--- What this task involves ---
Please write out the entire listing below exactly, excluding its pictures.

--- Data provided ---
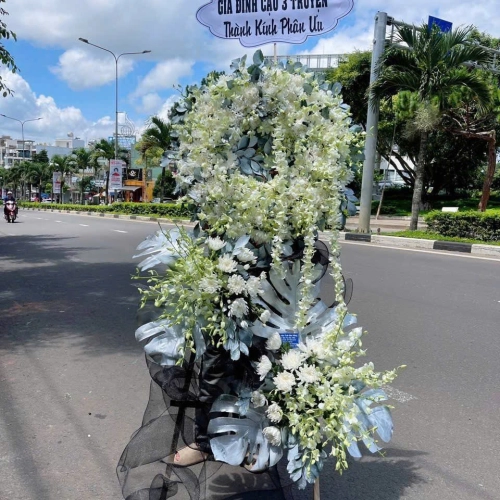 Kệ Hoa Tang Lễ 44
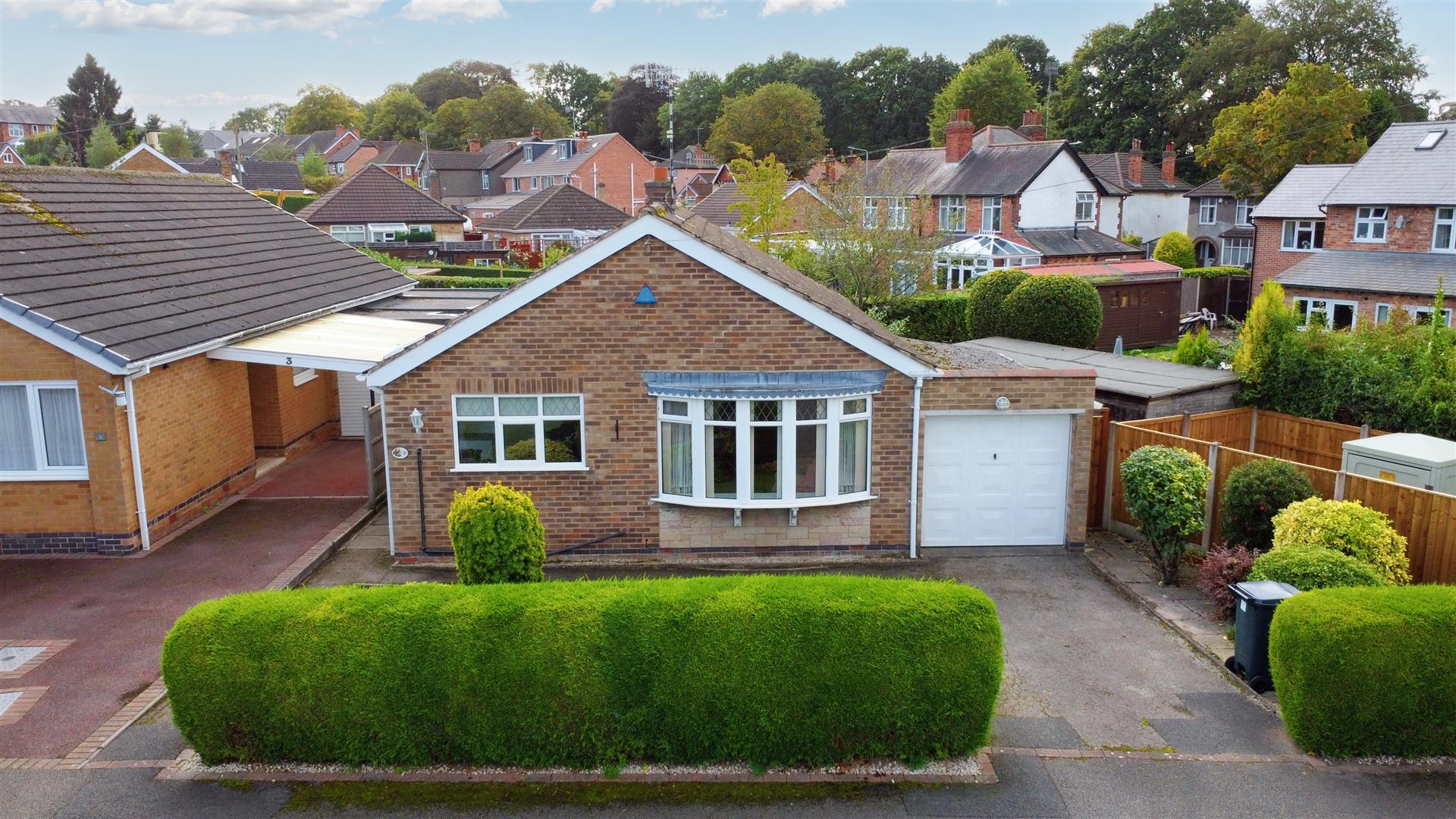 Stanmore Gardens, Arnold, Nottingham Robert Ellis Estate Agents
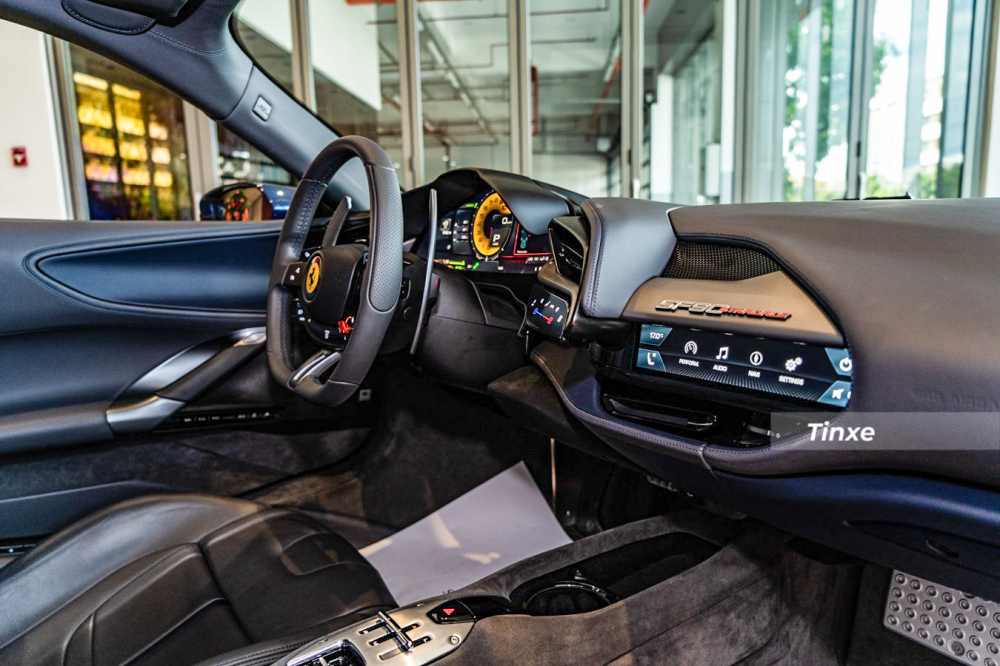 Cách bố trí khoang lái của xe SF90 Stradale rất khác biệt so với những ngựa chồm trước đó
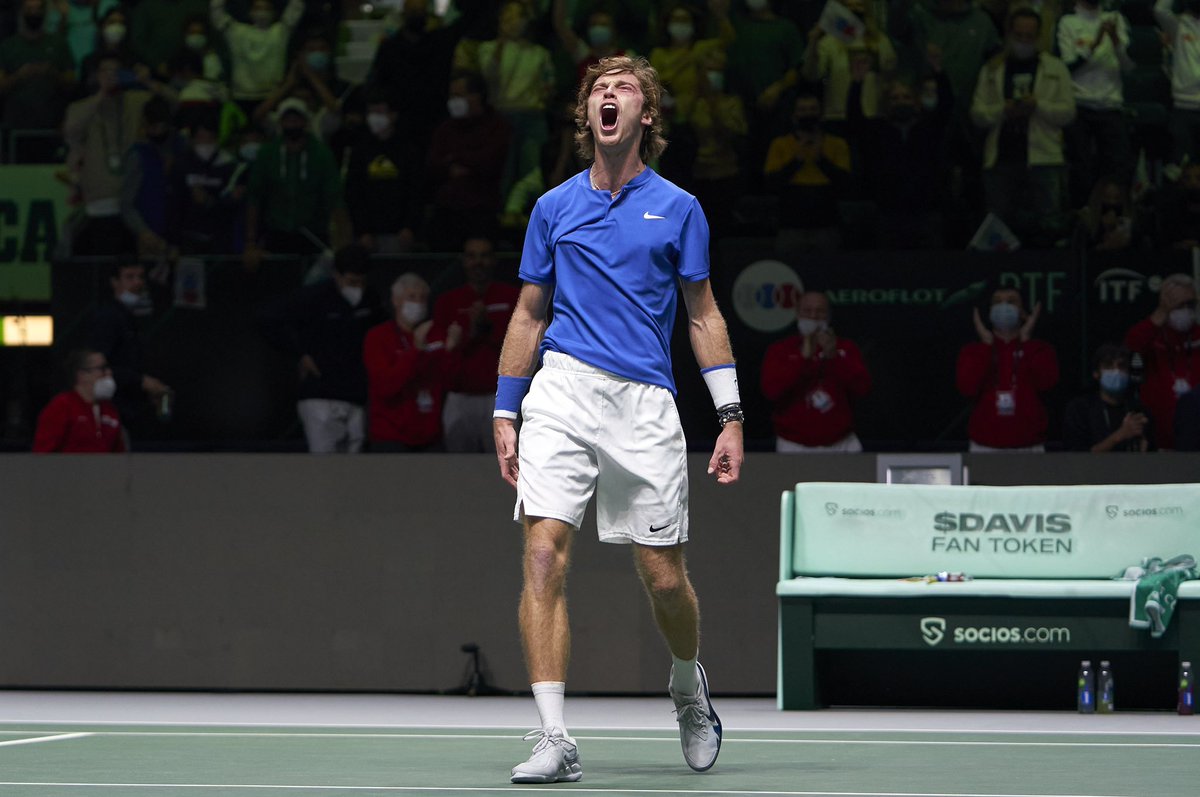 AndreyRublev97's tweet photo. Champions @DavisCup 🖤 https://t.co/fhOj4W1Rh2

--- Answer ---
 Kệ Hoa Tang Lễ 44
 Stanmore Gardens, Arnold, Nottingham Robert Ellis Estate Agents
 Cách bố trí khoang lái của xe SF90 Stradale rất khác biệt so với những ngựa chồm trước đó
 AndreyRublev97's tweet photo. Champions @DavisCup 🖤 https://t.co/fhOj4W1Rh2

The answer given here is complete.